THERE’S a scene in the new Channel 4 drama about Lord Longford where he’s visiting Moors murderer Ian Brady.
The deranged and hostile child killer explains that he’s on hunger strike in protest at what he says are filthy prison conditions.
“Why don’t you allow me to make representations to the Home Secretary on your behalf?” asks the campaigning Labour peer.
Brady replies: “I’m not completely insane.”


Channel 4’s HQ in London was the venue for a preview screening of Longford, which will be broadcast on Thursday October 26.
You can read today’s first MEN TV feature on the drama here.
It includes a dramatic re-creation of the shocking tape which recorded the torture and death of one of the child victims.
Aside from the 1966 trial at Chester Assizes, the real tape of Lesley Ann Downey, 10, crying for her mother and begging for mercy has never been heard in public.
Longford features a 30 second extract, with Oscar nominee Samantha Morton as Myra Hindley and Andy Serkis as Ian Brady.

The voices of both actors are heard on the muffled tape, with Hindley telling the young girl to be quiet.

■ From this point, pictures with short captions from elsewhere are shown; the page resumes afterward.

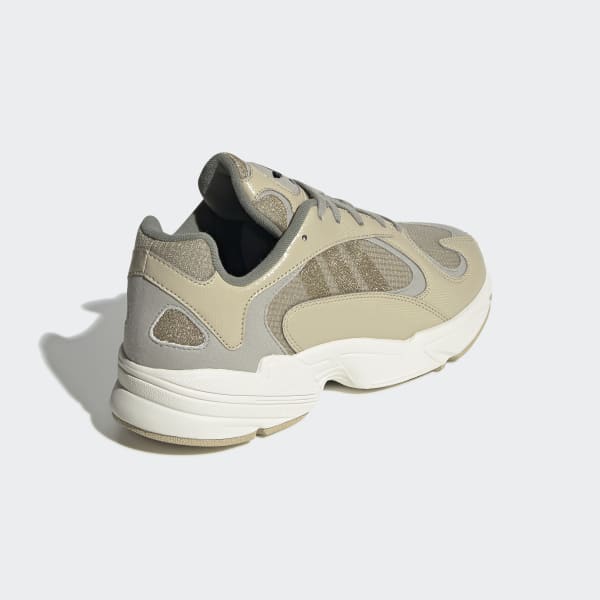 Scarpe adidas yung 1 fantasia top
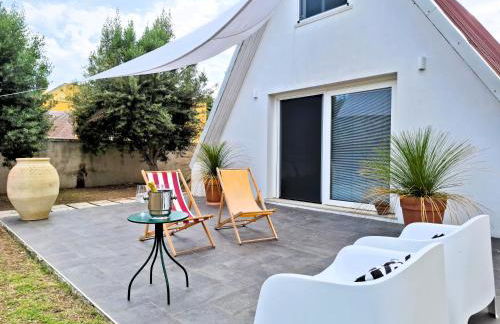 Villa Tepee - Foto 8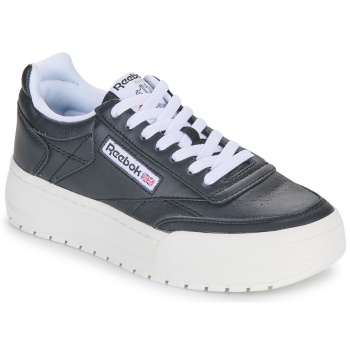 xαμηλά sneakers reebok classic club c σε προσφορά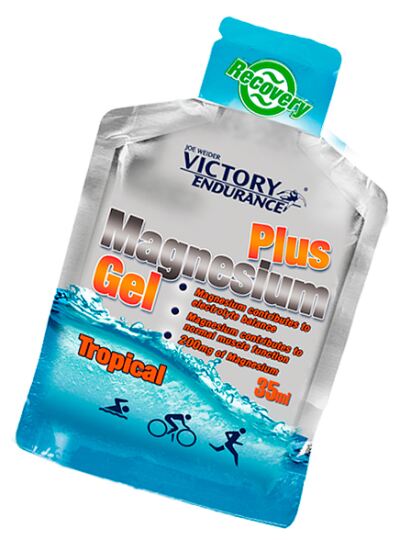 Magnesium Gel Tropical 35 ml Magnesium Gel Tropical 35 ml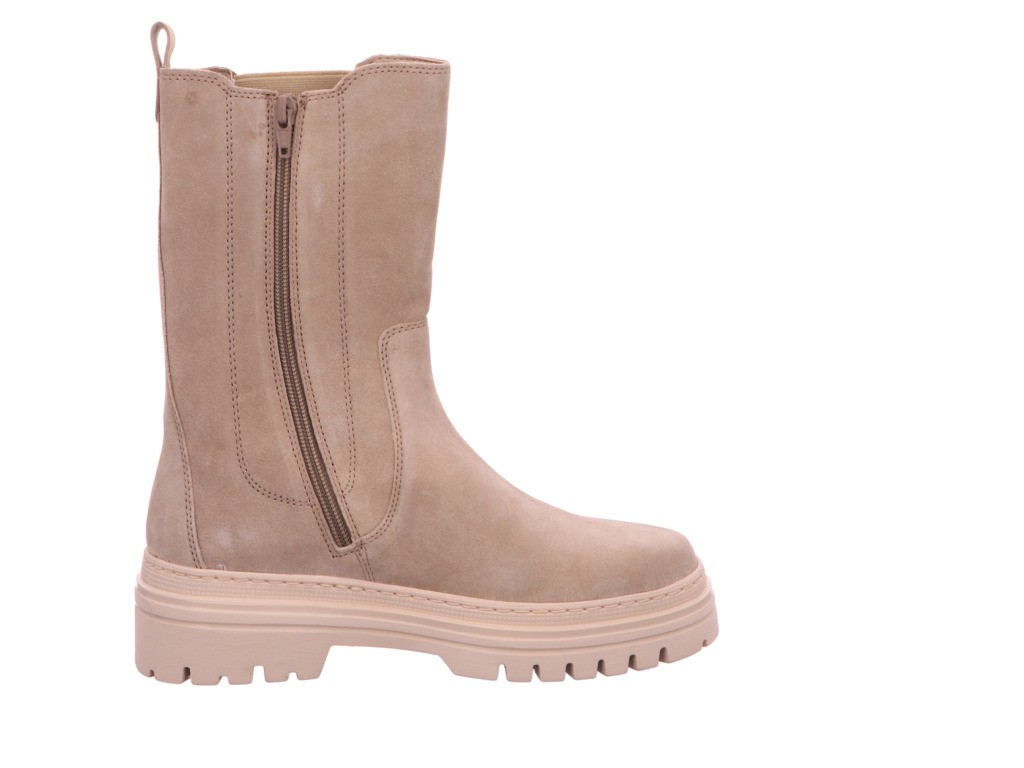 GABOR Stiefeletten beige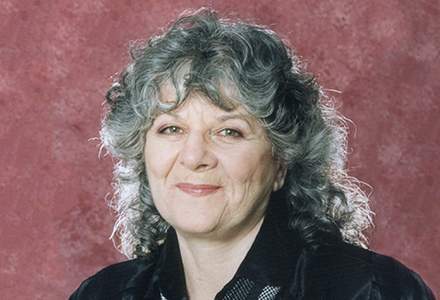 Prof. Ada Yonath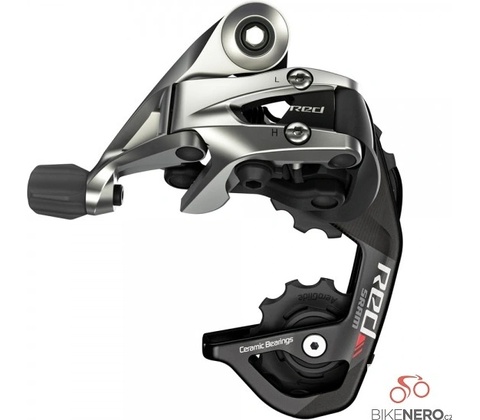 Sram Red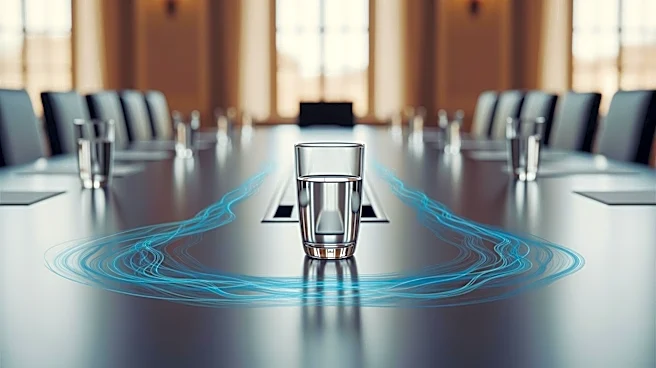 ACE26 Conference in Washington, D.C. Focuses on Water Sector Innovations and Challenges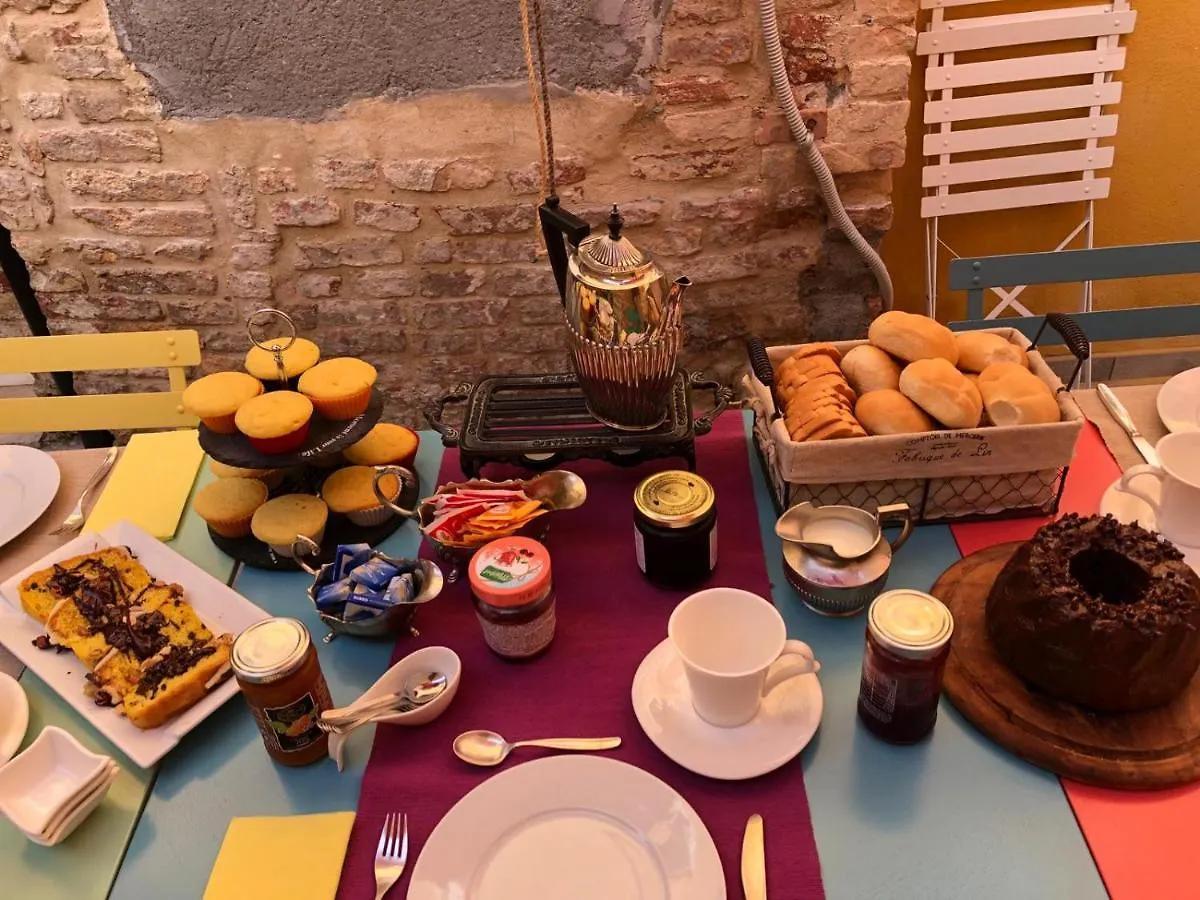 Ai Giardini De Casteo Bed & Breakfast Venice 0*,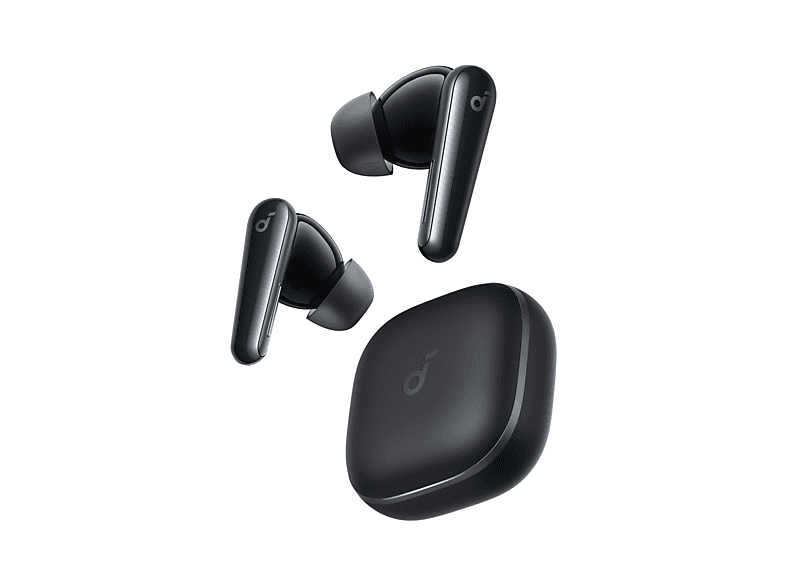 SOUNDCORE Liberty 5 Oordopjes Zwart kopen? | MediaMarkt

But it is faded out before any child’s voice can be heard.
Director Tom Hooper told me there was “massive debate” about whether or not to include the scene.
It features actor Jim Broadbent, as Longford, sitting in stunned silence in his study as he hears the tape for the first time.
Tom said it was decided to fade the tape as quickly as possible, with no question of representing Lesley Ann’s voice.
“To replay what was on the tape at any length, I think would be upsetting for the families and probably too upsetting for the viewers.”
Lesley’s step-father Alan West attended a private screening of the 90-minute drama in Manchester earlier this week, along with members of the family of another victim – John Kilbride, 12.
The press screening in London was held the morning after. It was followed by a question and answer session with several people involved in the production, including Jim and Samantha, who plays Hindley up until her late fifties.

Although made for Channel 4, Longford is actually an ITV Granada film – the same company behind The Moors Murders: See No Evil, screened on ITV1 earlier this year.
Both are remarkable pieces of television. Longford concentrates on the peer’s relationship with Hindley and his doomed campaign to secure her release.
It also illuminates the conviction of a man who – because of his support for Hindley – became a cartoon figure of hate and ridicule in the tabloid press.
Channel 4 News presenter Jon Snow was a long time friend of Lord Longford and had lunch with him almost every month for 30 years.
“I think the film caught the immense complexity of who he was,” said Jon. “An incredibly difficult man to encapsulate. He was a most beguiling, captivating, extraordinary man, who had spanned the 20th century and been in on extraordinarily great moments of history.
“It’s worth pointing out – Frank wrote a book called Humility, but only after he’d already written five volumes of autobiography.”